Palestinian President Mahmoud Abbas meets with Arab League Secretary General Ahmed Aboul Gheit (not pictured) in Cairo, Egypt January 31, 2020 (photo credit: REUTERS/MOHAMED ABD EL GHANY)
Palestinian President Mahmoud Abbas meets with Arab League Secretary General Ahmed Aboul Gheit (not pictured) in Cairo, Egypt January 31, 2020
The upcoming Palestinian elections will be meaningless as long as PA President Mahmoud Abbas and his top aides remain in power, according to a former Palestinian Authority security commander.
Fahmi Shabaneh said he did not rule out the possibility that Abbas and his ruling Fatah faction would lose the presidential and parliamentary elections, if and when they take place, provided that the vote is free and fair.
The parliamentary election has been set for May 22, while the vote for the PA presidency is expected to take place on July 31.
“Palestinians will vote for anyone who runs against Abbas and Fatah with a promise to end corruption and implement major reforms,” said Shabaneh, who previously served as commander of the anti-corruption department in the PA General Intelligence Service, in an interview on Thursday with The Jerusalem Post.
“I’m not referring specifically to Hamas, but also to other lists and candidates who will make such promises,” he said. “Palestinians are desperate for change, but they know it won’t happen as long as the office of the president has absolute power. Were it not for the corruption of the Palestinian leadership, the Palestinians would have had a state by now. The Palestinians need a president who will put an end to all forms of corruption.”
Fahmi Shabaneh, former PA intelligence officer. (Photo credit: Khaled Abu Toameh)Fahmi Shabaneh, former PA intelligence officer. (Photo credit: Khaled Abu Toameh)
The Hamas-affiliated Change and Reform list, which promised among other things to combat rampant corruption in the PA, won the election for the Palestinian Legislative Council (PLC) in 2006.
The Hamas victory triggered a power struggle with Fatah that culminated in the Islamist movement’s 2007 takeover of the Gaza Strip.
“President Abbas’s term in office expired a long time ago and it’s time for change,” said Shabaneh, a resident of Jerusalem’s Bet Hanina neighborhood. “The entire team working with Abbas needs to be changed.”
Shabaneh, who said he resigned from the PA General Intelligence Service because of attempts to prevent him from investigating corruption cases involving senior Palestinian officials, has since opened a law firm in east Jerusalem. As a resident of the city, he holds an Israeli-issued ID card.
He said he saw a direct connection between the election of US President Joe Biden and Abbas’s decision to call new elections.

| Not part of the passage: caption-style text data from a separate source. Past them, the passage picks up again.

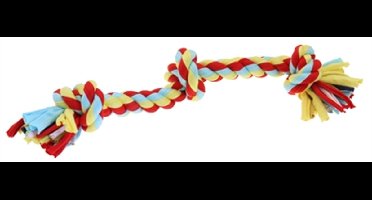 Twist-tee 3 knoop tugger - Default Title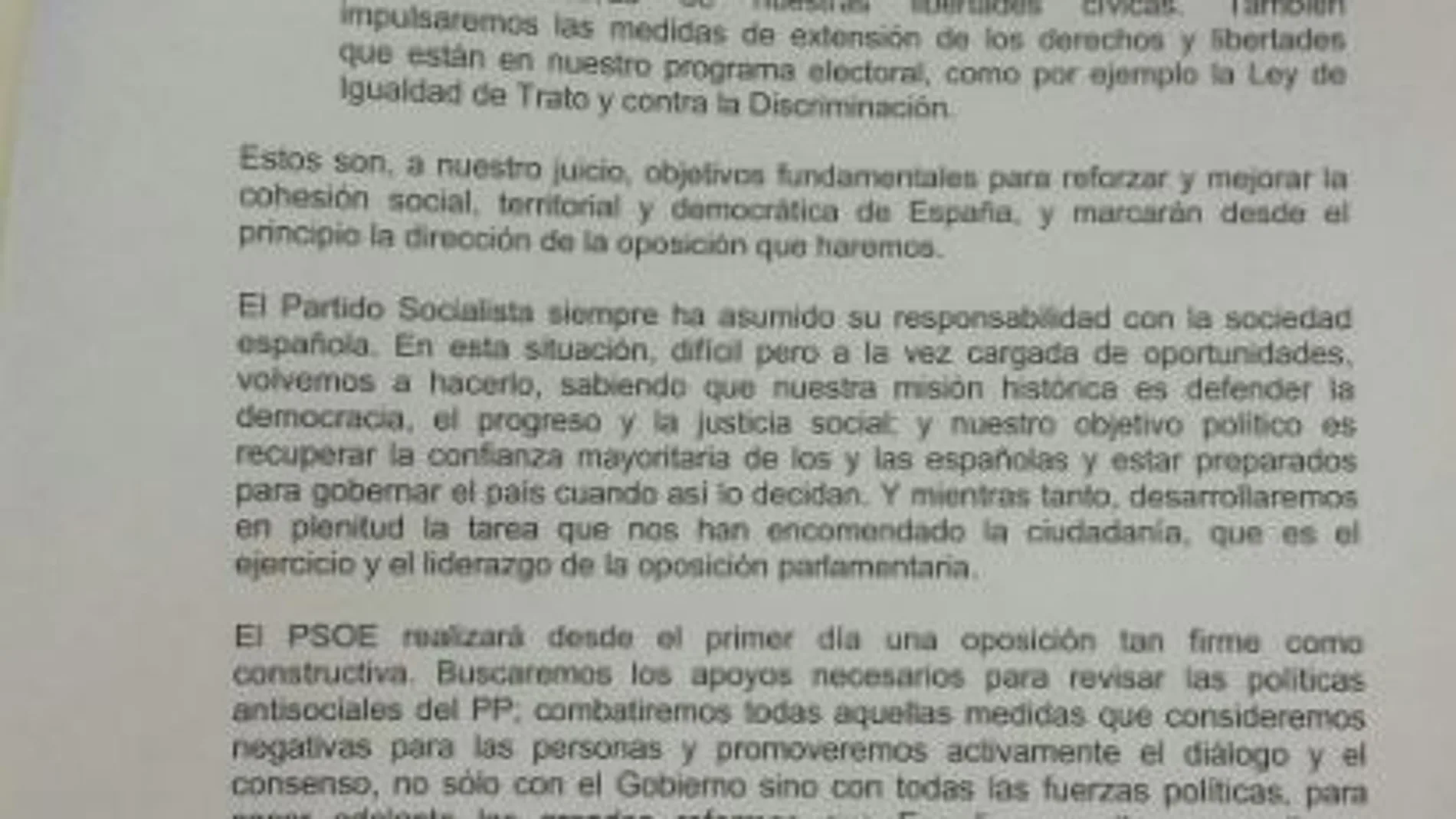 Esta es la resolución de Valenciano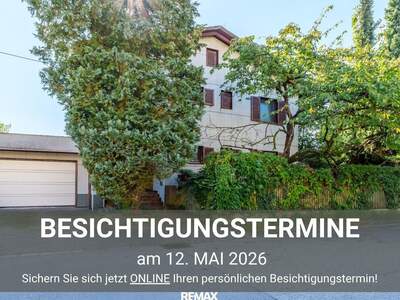 Haus kaufen in 4030 Linz (Bild 1)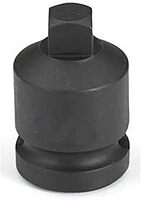 Grey Pneumatic 2008 Socket 1/2" Drive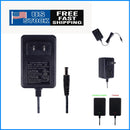 Certified 24V Charger for Children's Ride-On Toys with Safety Features Magic Cars Variant 0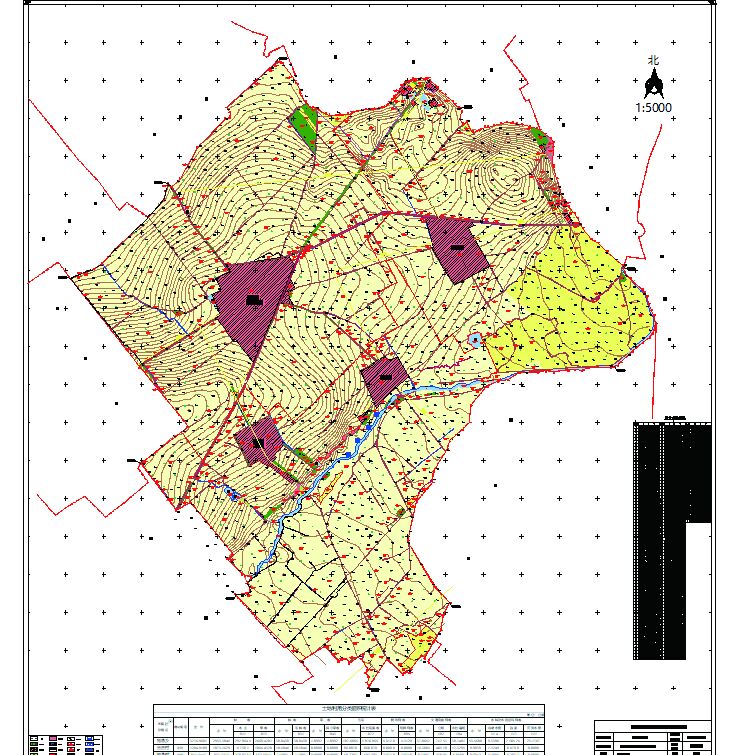 土地整治項目(圖1)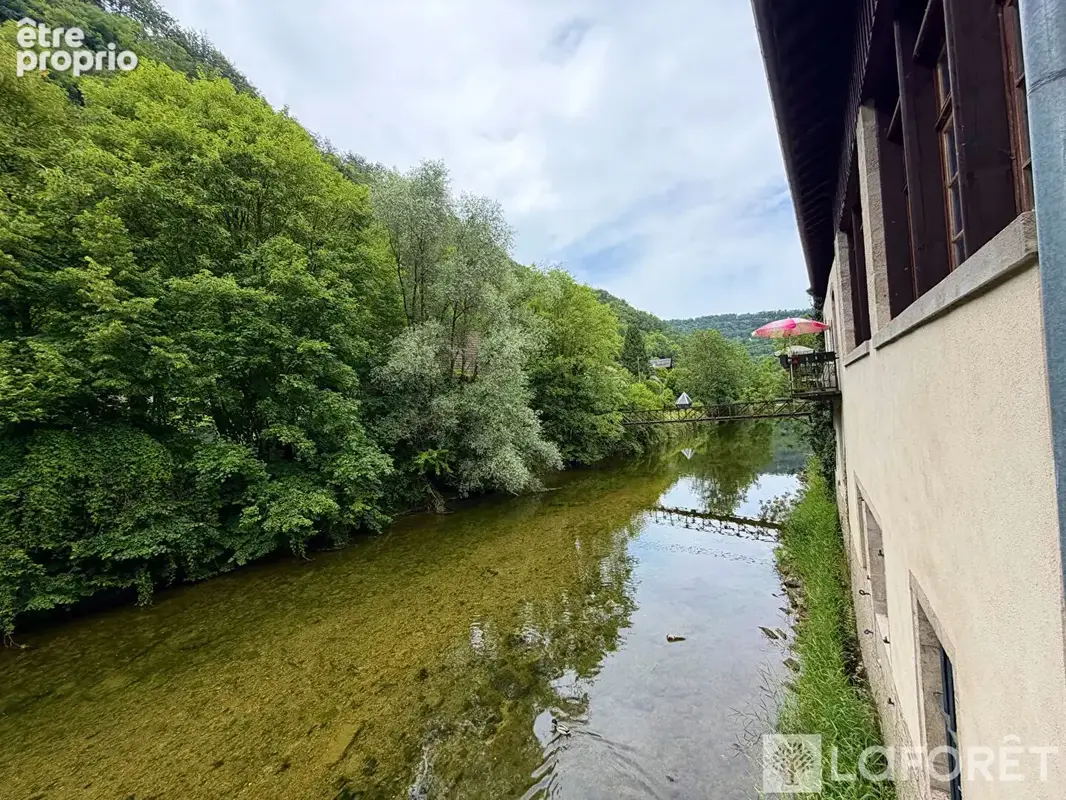 Saint Hippolyte, immeuble de 6 logements - photo 2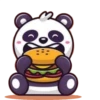 Pandas❥ ︎ͫ1 Clásica 14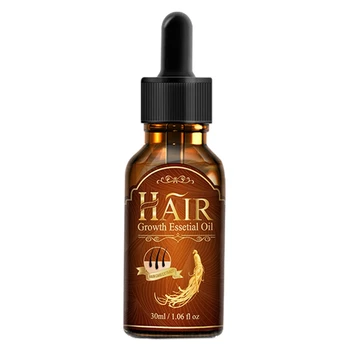 

NEW-ALIVER Thick Hair Growth Hair Care Loss Product Precautions Against Hairs Loss Styling Suitable For Men And Women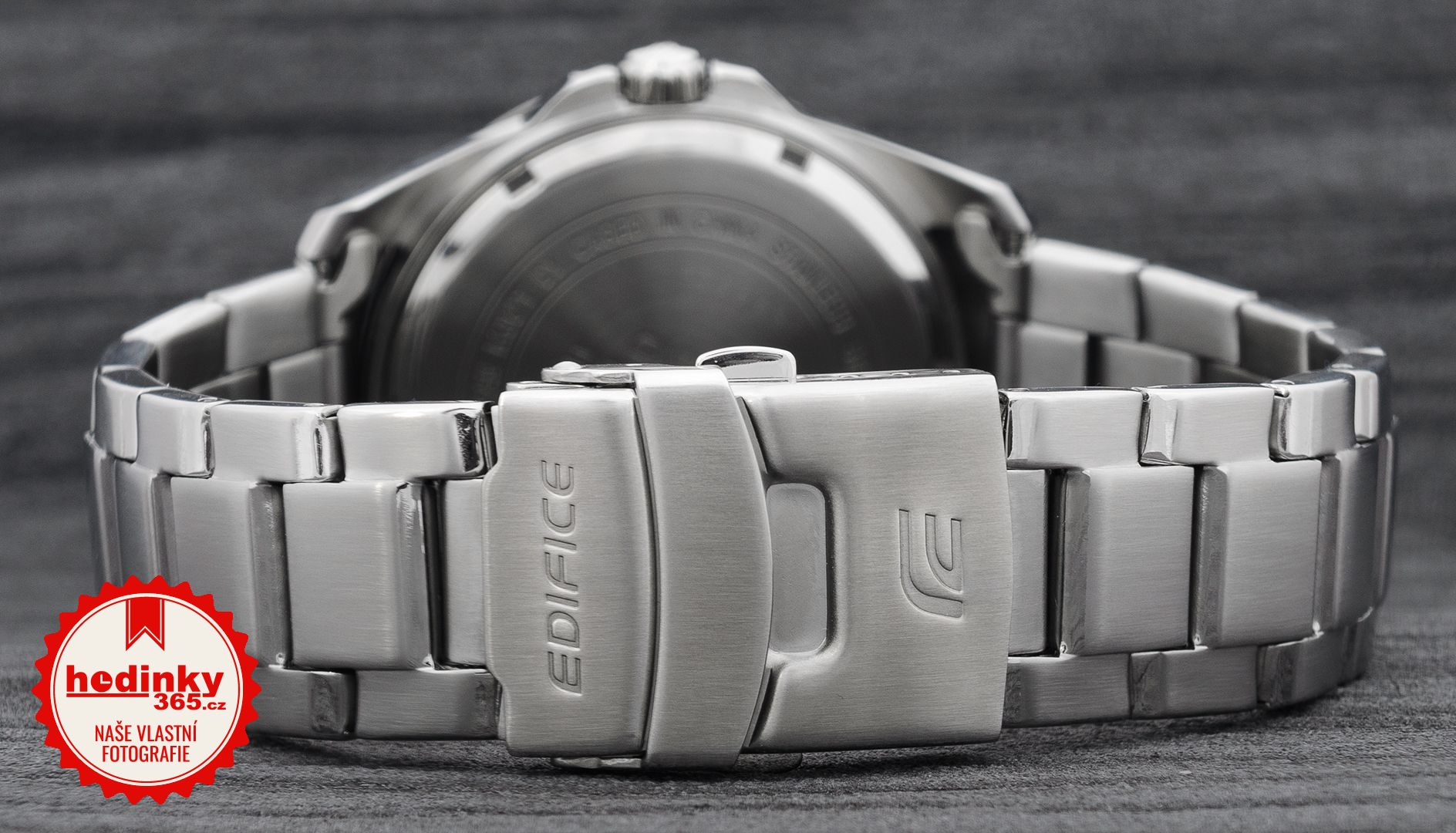 casio ef 132d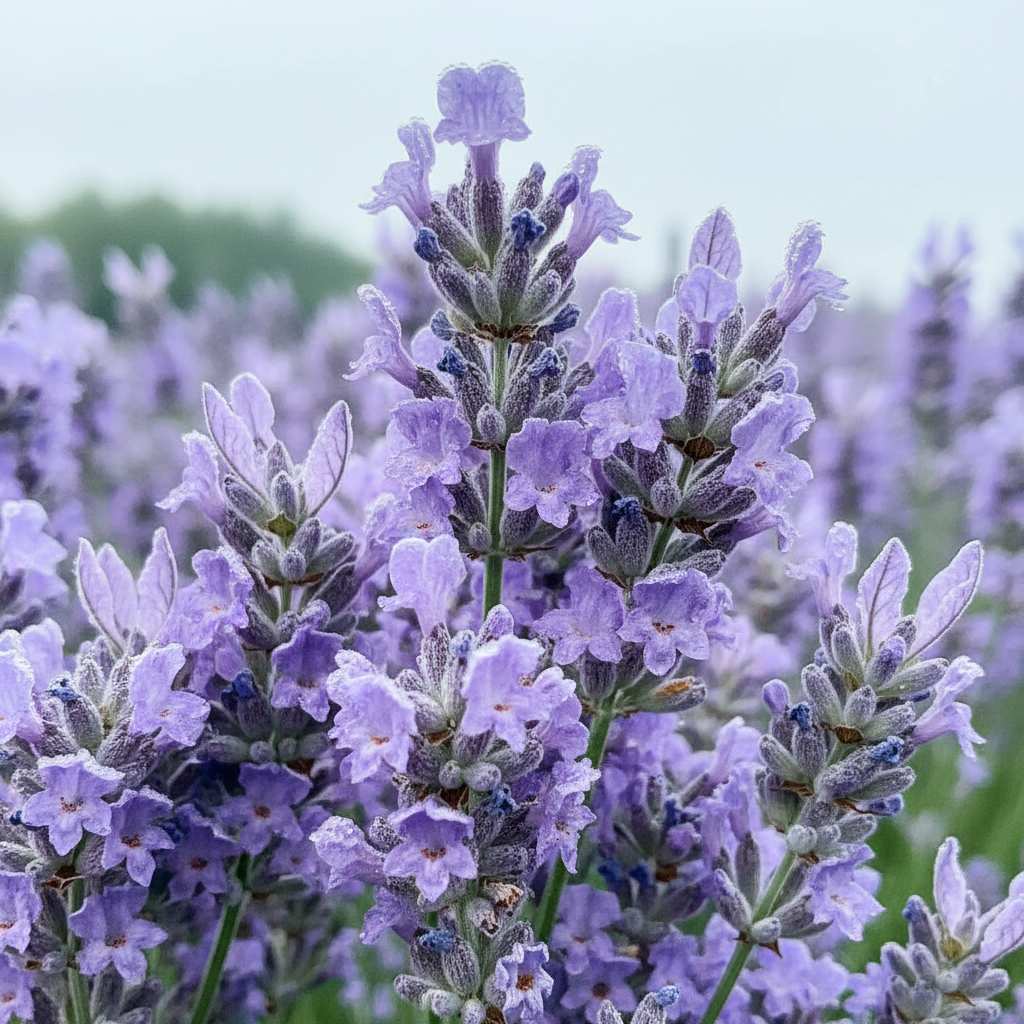 Munstead Lavender Seeds - Lavender Flower Seeds for Garden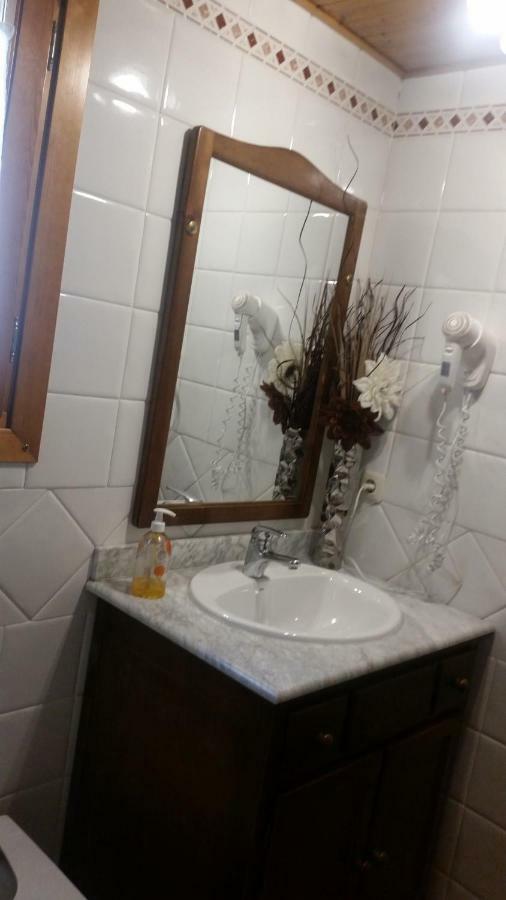 Reconquista Apartment เบนาสเก ภายนอก รูปภาพ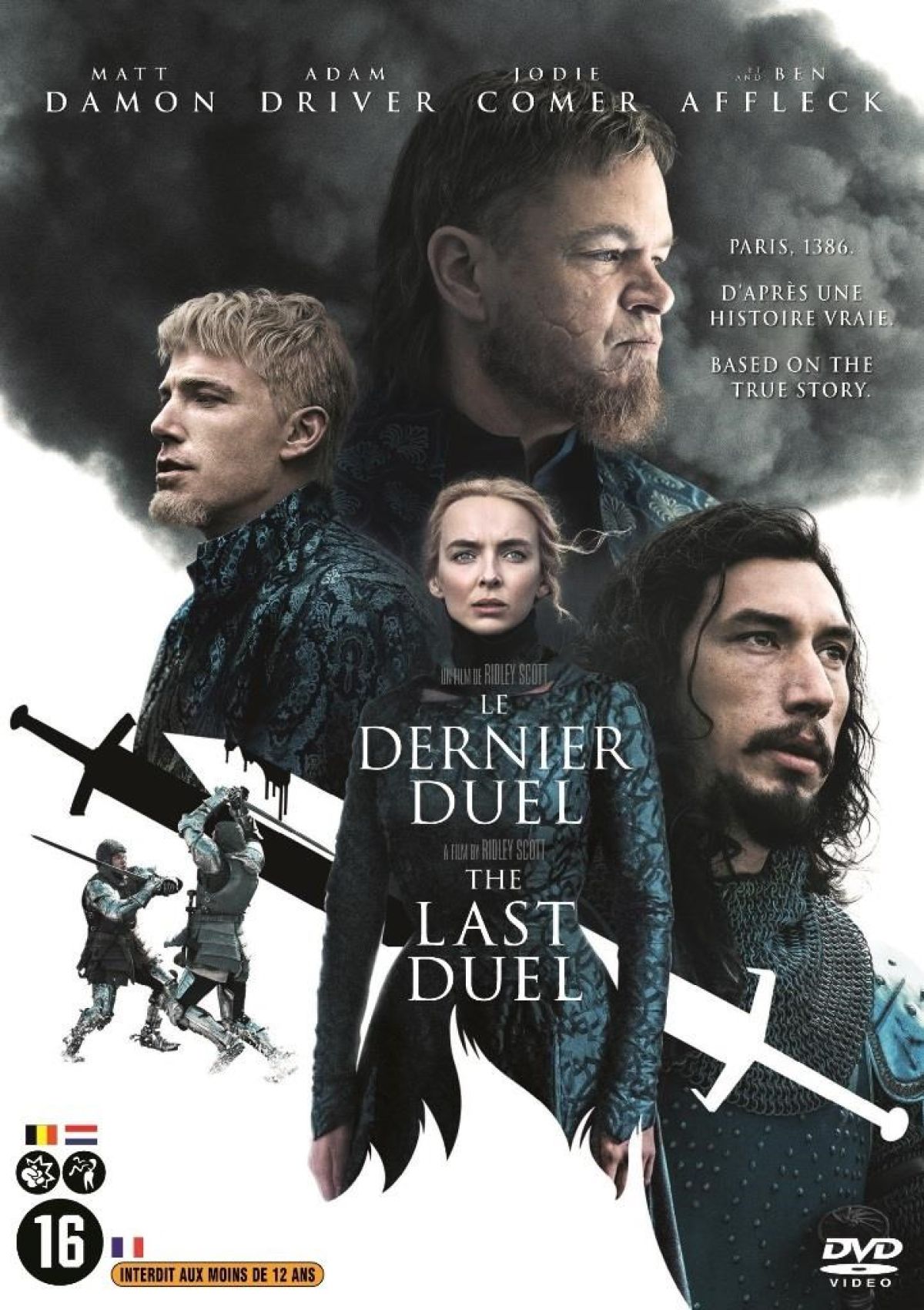 Afbeelding van Last Duel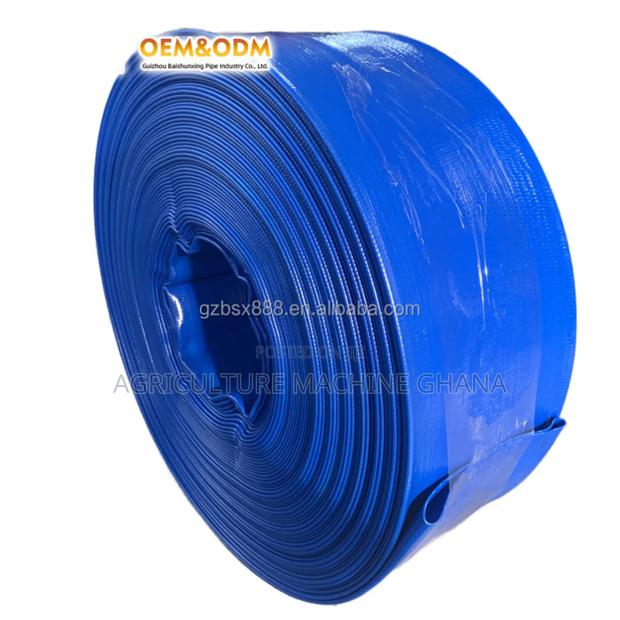 PVC Layflat 2 3 4 6 Inches · Photo 7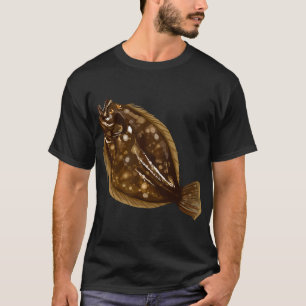 Flounder T-Shirt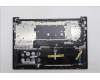 Lenovo 5CB1R91612 Tastatur inkl. Topcase ASM_BUL L 83JN LG UMA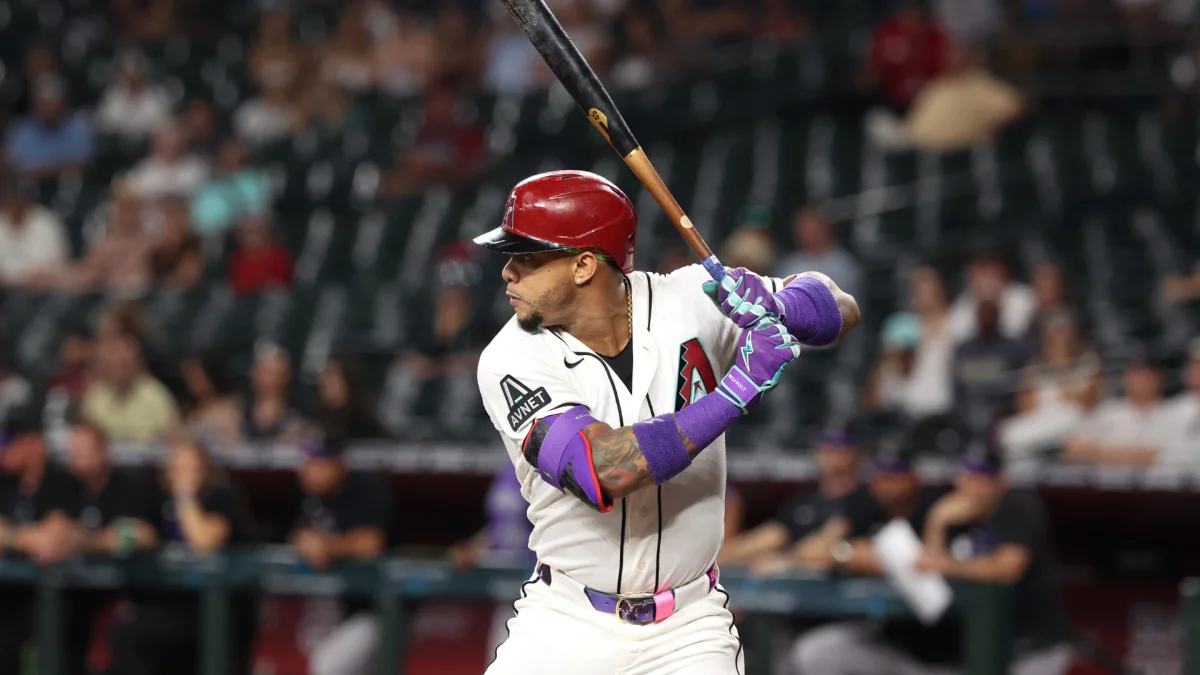 Marte casino sighting fuels Diamondbacks’ off-field saga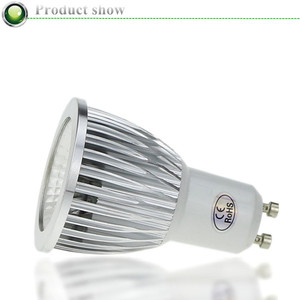 <strong>LED</strong> Spotlight Bulb GU10 Light Dimmable <strong>Led</strong> 110V 220V AC <strong>6W</strong> 9W 12W <strong>LED</strong> <strong>GU5.3</strong> GU10 COB <strong>LED</strong> Lamp Light GU 10 <strong>Led</strong> <strong>GU5.3</strong> - Product Image 5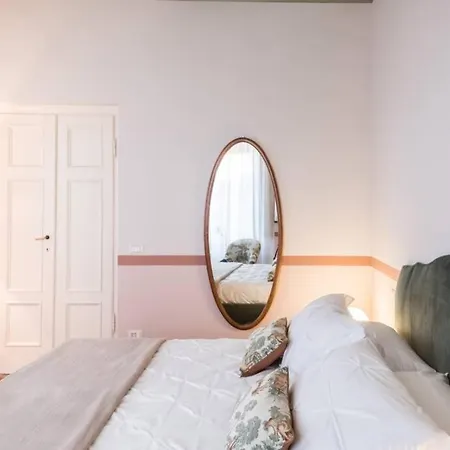 Casa Maria - Attico Di Lusso Vicino Alle Mura *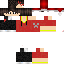 Texture for TheDarkFenix_99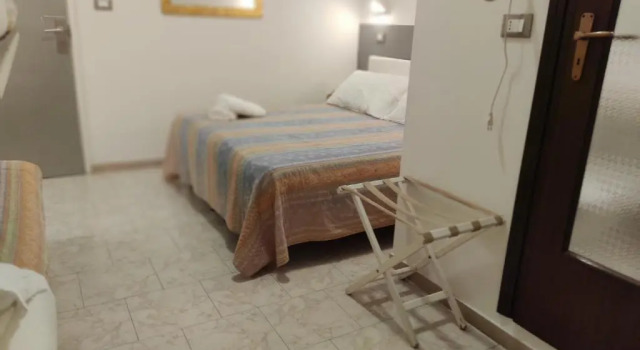 Четырёхместный номер Standard Kristalex Pet Friends Hotel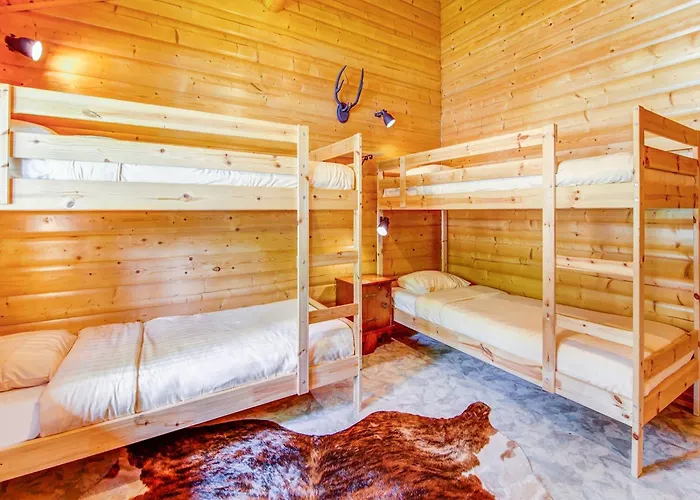 Near Ardennes Forest Chalé Sougné-Remouchamps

“Abu Mazen (Abbas) and the Palestinian leadership want US funding,” he argued. “They announced the elections so that Biden would resume financial aid to the Palestinians. Even if a new parliament is elected, it will have no real power or influence because the president’s office will still be in control of everything. We’ve been to this movie before.”
According to the former high-ranking intelligence officer, Hamas and other Palestinian factions made a “mistake” when they agreed to Abbas’s demand to hold the elections in three phases, and not simultaneously.
Palestinians will also vote on August 31 for the Palestinian National Council, the PLO’s legislative body, which has more than 700 members.
“Abbas insisted on holding the parliamentary election first so that he would be able to tamper with the results if he doesn’t like them,” Shabaneh explained. “If he sees that the parliament is controlled by his opponents and rivals, he will seek to undermine it. He wants to keep the president’s office in total control. Abbas is not interested in change. He only wants money and international recognition.”
Shabaneh pointed out that after the Hamas victory in 2006, Abbas and his senior advisers did their utmost to undermine the PLC and intimidate elected Hamas legislators.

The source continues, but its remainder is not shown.